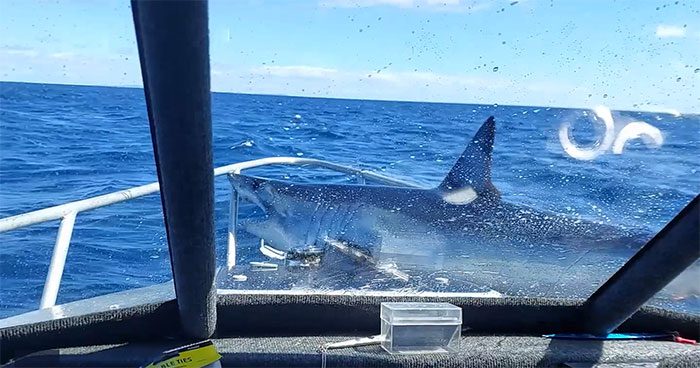 The Mako shark leaps out of the water and lands on the boat's deck.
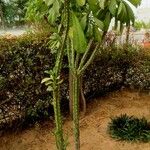 Euphorbia nivulia Habit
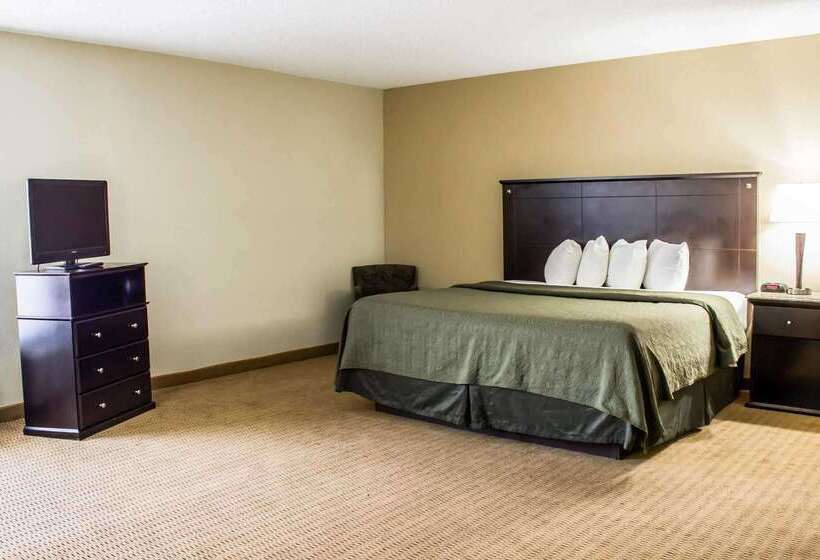 ホテル Quality Inn & Suites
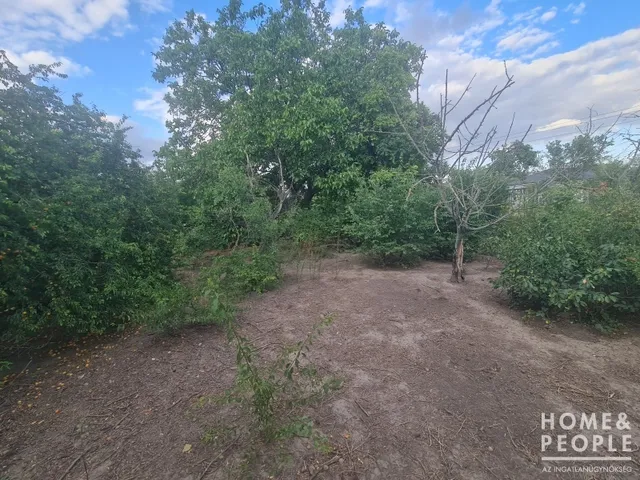 Eladó mezőgazdasági ingatlan Szeged, Baktó 730 nm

****

Starting with the line that contains "ホテル Quality Inn & Suites", repeat each line exactly until the listing ends, including the last one. Leave pictures out.

 ホテル Quality Inn & Suites
 Eladó mezőgazdasági ingatlan Szeged, Baktó 730 nm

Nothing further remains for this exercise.